Inference in regression: F-testJan 25 2019

Homework #1

Solutions on canvas

I graded the initial data analysis.

• Everyone was looking at the right things!
• But, the writeups could use some improvement
• HW #3 gets you to repeat this process on a different data set

Homework #3

I’ve posted an example with some guidelines as 01-initial-data-analysis-report, but I started from 01-initial-data-analysis-draft.

Key things I’ll be looking for in HW #3:

• < 2 pages (notice my draft is 10 pages, but report is only 1.5 pages)
• you control what output/code is in the final version
• plots are labelled and sized appropriately

Today

• The F-test
• Practice with F-tests

Motivation

t-tests on individual parameters only allow us to ask a limited number of questions.

To ask questions about more than one coefficient we need something more complicted.

F-tests do this by comparing nested models. In practice, the hard part is translating a scientific question in a comparison of two models.

F-test

Let $$\Omega$$ denote a larger model of interest with $$p$$ parameters
and $$\omega$$ a smaller model that represents some simplification of $$\Omega$$ with $$q$$ parameters.

Intuition: If both models “fit” as well as each other, we should prefer the simpler model, $$\omega$$. If $$\Omega$$ shows substantially better fit than $$\omega$$, that suggests the simplification is not justified.

How do we measure fit? What is substantially better fit?

F-statistic

$F = \frac{(\RSS{\omega} - \RSS{\Omega})/(p - q)}{\RSS{\Omega}/(n - p)}$

Null hypothesis: the simplification to $$\Omega$$ implied by the simpler model, $$\omega$$.

Under the null hypothesis, the F-statistic has an F-distribution with $$p-q$$ and $$n-p$$ degrees of freedom.

Leads to tests of the form: reject $$H_0$$ for $$F > F_{p-q, n-p}^{(\alpha)}$$.

Deriving this fact is beyond this class (take Linear Models).

Example: Overall regression F-test

The overall regression F-test asks if any predictors are related to the response.

Full model: $$Y = X\beta + \epsilon, \quad \epsilon \sim N(0, \sigma^2 I)$$
Reduced model: $$Y = \beta_0 + \epsilon$$

Null hypothesis: $$H_0: \beta_1 = \beta_2 = \ldots = \beta_{p-1} = 0$$
All the parameters (other than the intercept) are zero.
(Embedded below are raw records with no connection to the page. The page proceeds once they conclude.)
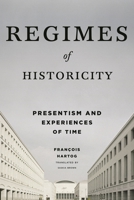 Régimes d'historicité [nouvelle édition]: Présentisme et expériences du temps 0231163770 Book Cover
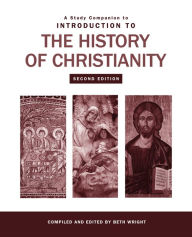 Title: A Study Companion to Introduction to the History of Christianity, Author: Beth Wright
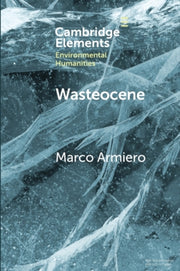 Wasteocene By Armiero, Marco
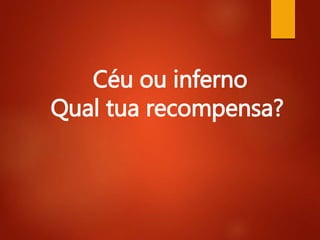 Céu ou inferno
Qual tua recompensa?
 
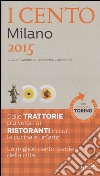 I cento di Milano 2015. I 50 migliori ristoranti e le 50 migliori trattorie-I cento di Torino 2015. Le 50 migliori trattorie e le 50 migliori piole libro di Cavallito S. (cur.) Lamacchia A. (cur.) Iaccarino L. (cur.)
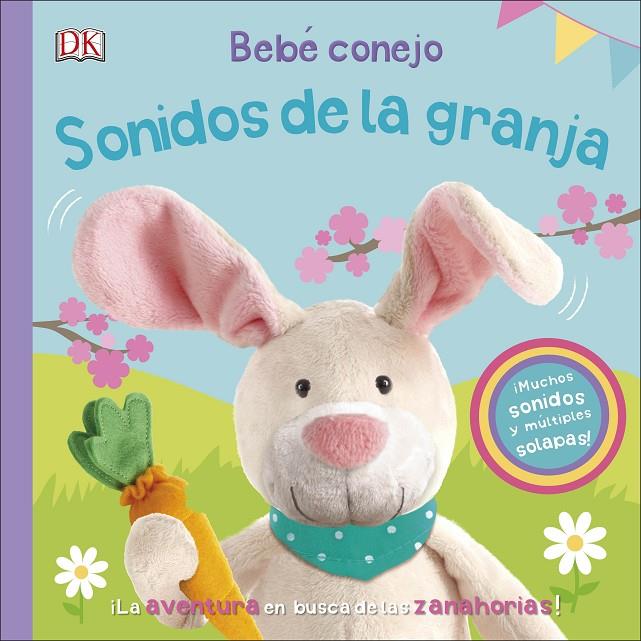Bebé conejo. Sonidos de la granja | 9780241413180 | VV.AA. | Librería Castillón - Comprar libros online Aragón, Barbastro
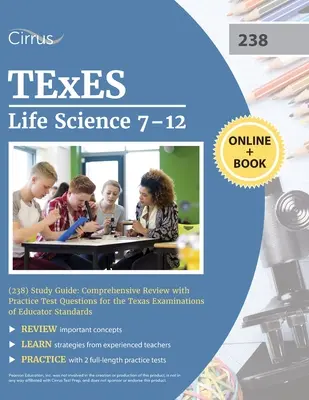 Ghid de studiu TExES Life Science 7-12 (238): Revizuire cuprinzătoare cu întrebări practice pentru examenul Texas Examinations of Educator Standards - TExES Life Science 7-12 (238) Study Guide: Comprehensive Review with Practice Test Questions for the Texas Examinations of Educator Standards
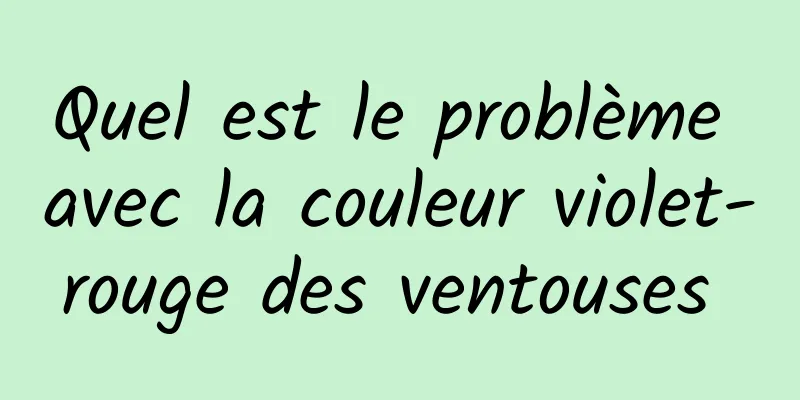 Quel est le problème avec la couleur violet-rouge des ventouses 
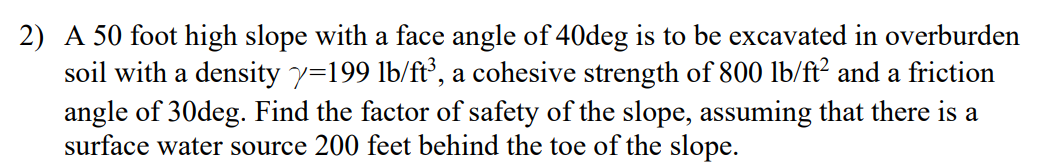 A 5 0 foot high slope with a face angle of 4 0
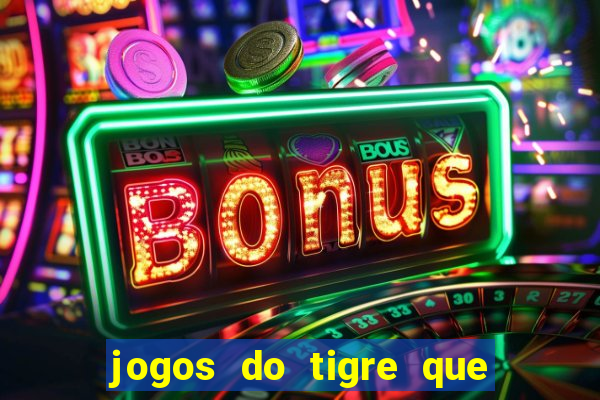 jogos do tigre que paga de verdade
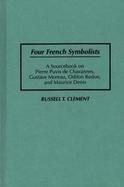 Four French Symbolists A Sourcebook on Pierre Puvis De Chavannes, Gustave Moreau, Odilon Redon, and Maurice Denis cover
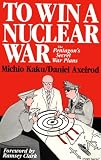To Win a Nuclear War: The Pentagon`s Secret War Plans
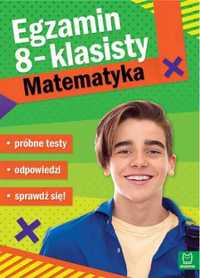 Egzamin ósmoklasisty. Matematyka - próbne testy - praca zbiorowa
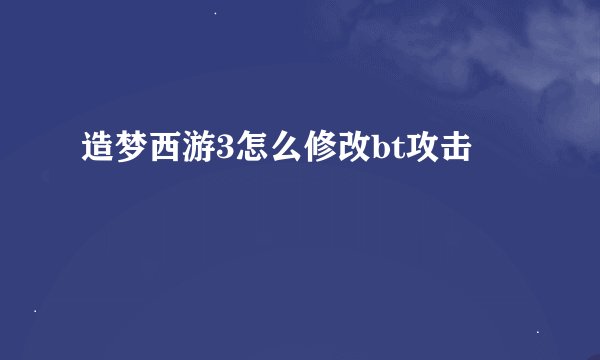 造梦西游3怎么修改bt攻击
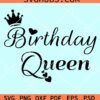 Birthday queen svg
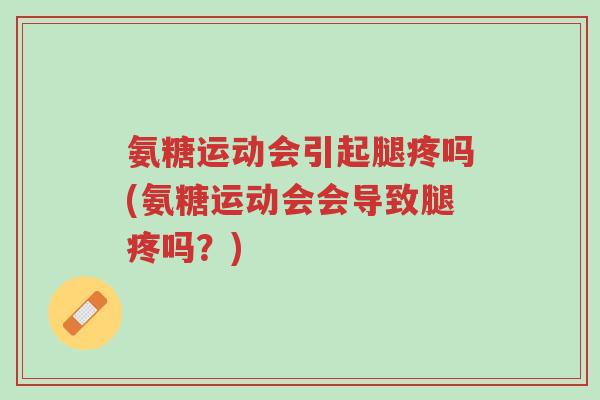 氨糖运动会引起腿疼吗(氨糖运动会会导致腿疼吗?)-第1张图片-超越 氨糖运动会引起腿疼吗(氨糖运动会会导致腿疼吗?)-第1张图片-超越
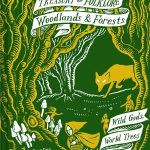 Treasury of Folklore: Woodlands & Forests by Dee Dee Chainey & Willow Winsham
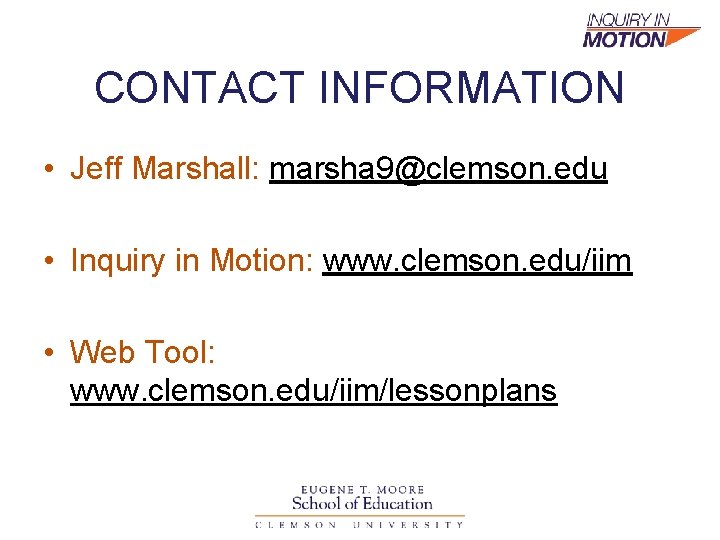 CONTACT INFORMATION • Jeff Marshall: marsha 9@clemson. edu • Inquiry in Motion: www. clemson.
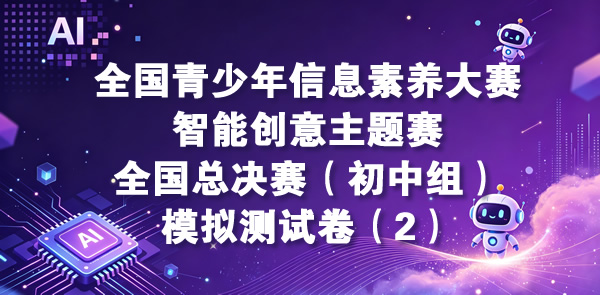 智能创意主题赛-全国总决赛小学初中组（含操作题指导）模拟测试卷（2）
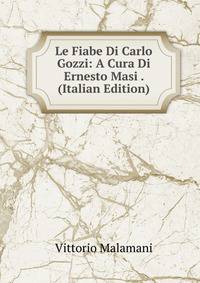 Le Fiabe Di Carlo Gozzi: A Cura Di Ernesto Masi . (Italian Edition)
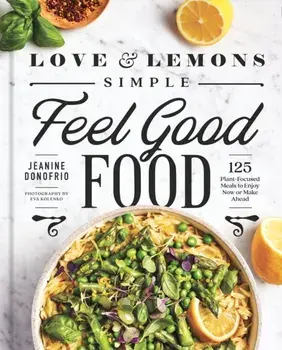 Love And Lemons Simple Feel Good Food. 125 Plant-Focused Meals to Enjoy Now or Make Ahead, Hardback/***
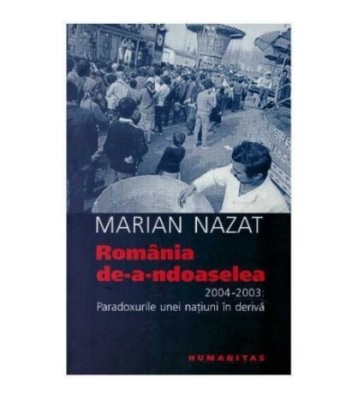 Marian Nazat - Romania de-a-ndoaselea 2004-2003 : Paradoxurile unei foto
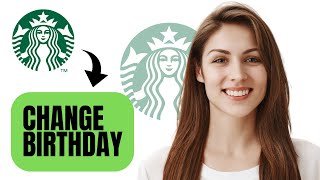 How To Change Your Birthday on Starbucks App Best Method [upl. by Humo]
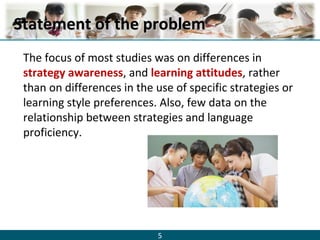 5
Statement of the problemStatement of the problem
The focus of most studies was on differences in
strategy awareness, and learning attitudes, rather
than on differences in the use of specific strategies or
learning style preferences. Also, few data on the
relationship between strategies and language
proficiency.
 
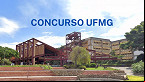 Concurso UFMG: Edital 1.801/2024 abre vaga para Professor Adjunto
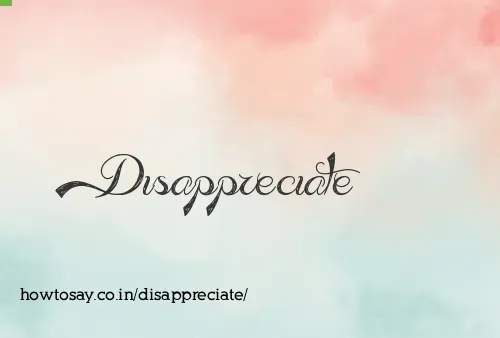 Disappreciate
Alternative hypothesis: At least one parameter is non-zero.

Exercise: question #1 on handout

If there is evidence against the null hypothesis:

• The null is not true, or
• the null is true but we got unlucky, or
• the full model isn’t true and the F-test is meaningless.

If there is no evidence against the null hypothesis:

• The null is true, or
• the null is false but we didn’t gather enough evidence to reject it, or
• the full model isn’t true and the F-test is meaningless.

Example: One predictor

Null hypothesis: $$\beta_j = 0$$

Equivalent to the t-test, reject null if $|t_j| = \left|\frac{\hat{\beta_j}}{\SE{\hat{\beta_j}}}\right| > t_{n-p}^{\alpha/2}$

In fact, in this case, $$F = t_j^2$$.

Exercise: questions #2 & #3 on handout

Other examples

• More than one parameter
• A subspace of the parameter space

Exercise: questions #4 & #5 on handout

We can’t do F-tests when

• we want to test non-linear hypotheses, e.g. $$H_0: \beta_j\beta_k = 1$$ (we might be able to make use of the Delta method, though)
• we want to compare non-nested models (find an example on the handout)
• the models fit use different data (most often comes up when a variable of interest has some missing values)